(Beginning of DATASET)
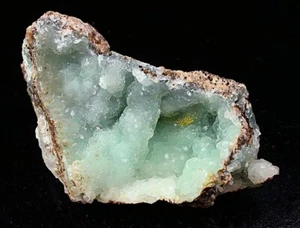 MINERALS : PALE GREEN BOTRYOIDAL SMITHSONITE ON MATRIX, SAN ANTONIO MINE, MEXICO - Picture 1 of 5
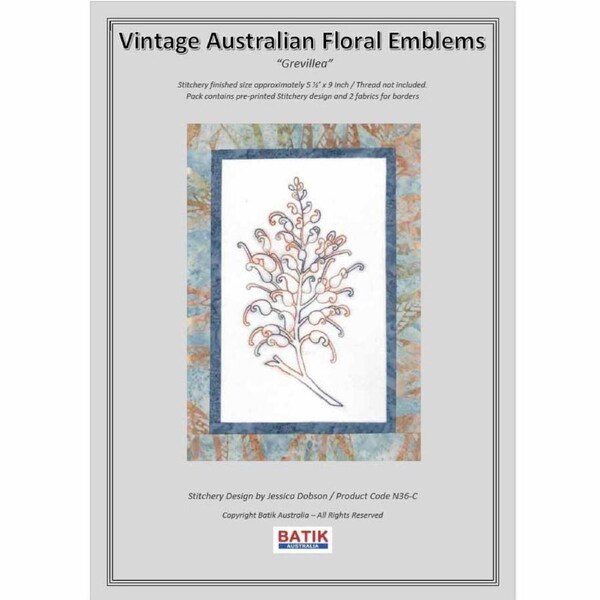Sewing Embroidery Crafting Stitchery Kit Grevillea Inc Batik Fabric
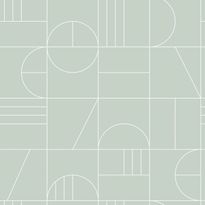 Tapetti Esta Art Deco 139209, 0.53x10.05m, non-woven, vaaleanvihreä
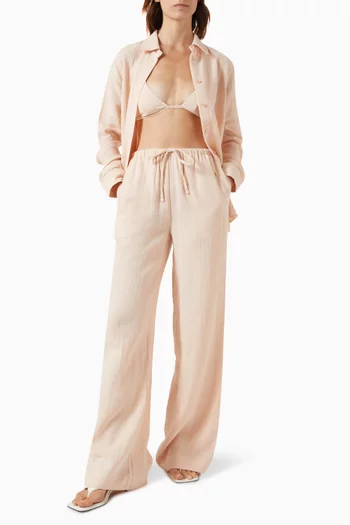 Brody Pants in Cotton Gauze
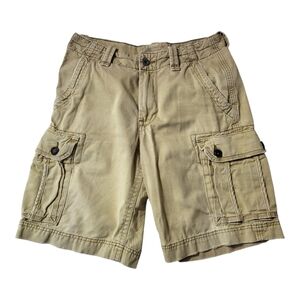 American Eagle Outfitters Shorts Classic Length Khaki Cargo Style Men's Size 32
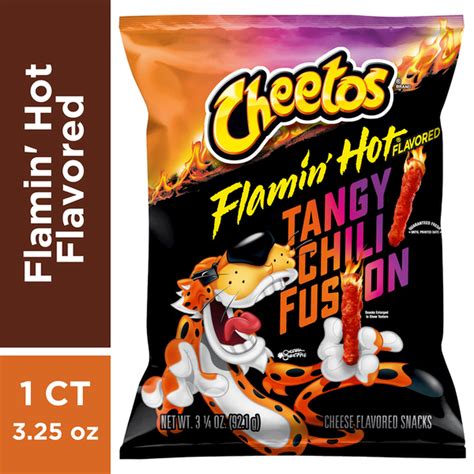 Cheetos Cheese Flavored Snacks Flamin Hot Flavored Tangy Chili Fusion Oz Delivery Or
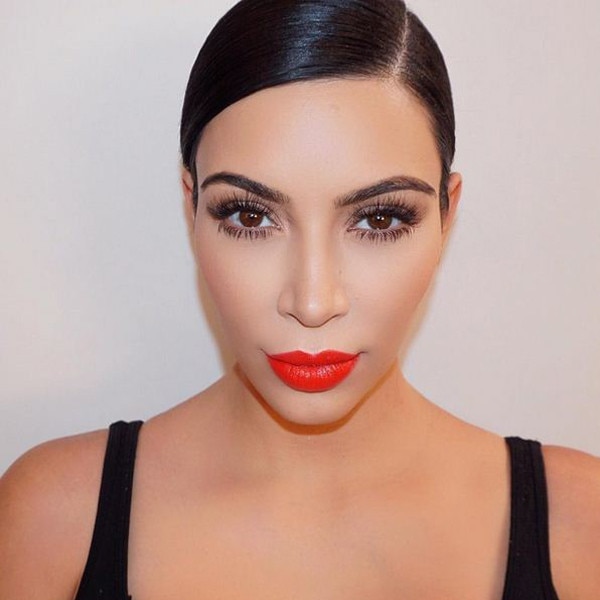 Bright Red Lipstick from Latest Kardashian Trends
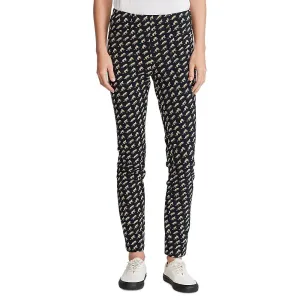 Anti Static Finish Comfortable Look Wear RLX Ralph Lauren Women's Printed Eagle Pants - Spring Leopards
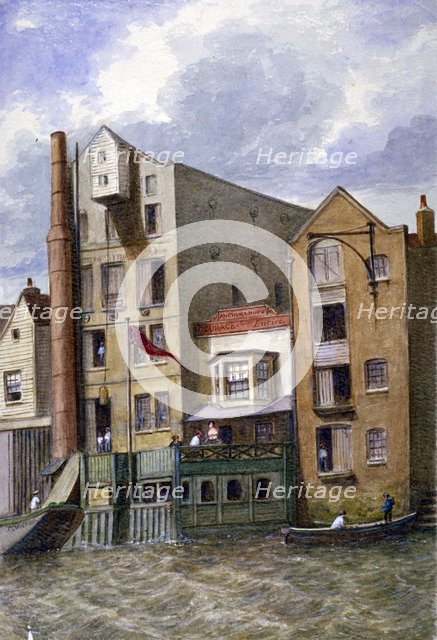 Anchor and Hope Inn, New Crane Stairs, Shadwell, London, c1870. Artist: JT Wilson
(End of DATASET)
*EXERCISE DETAILS*: Please restate word for word each line from the one containing "Brody Pants in Cotton Gauze" to the end of the data above, without the pictures.

*EXERCISE RESPONSE*:
 Brody Pants in Cotton Gauze
 American Eagle Outfitters Shorts Classic Length Khaki Cargo Style Men's Size 32
 Cheetos Cheese Flavored Snacks Flamin Hot Flavored Tangy Chili Fusion Oz Delivery Or
 Bright Red Lipstick from Latest Kardashian Trends
 Anti Static Finish Comfortable Look Wear RLX Ralph Lauren Women's Printed Eagle Pants - Spring Leopards
 Anchor and Hope Inn, New Crane Stairs, Shadwell, London, c1870. Artist: JT Wilson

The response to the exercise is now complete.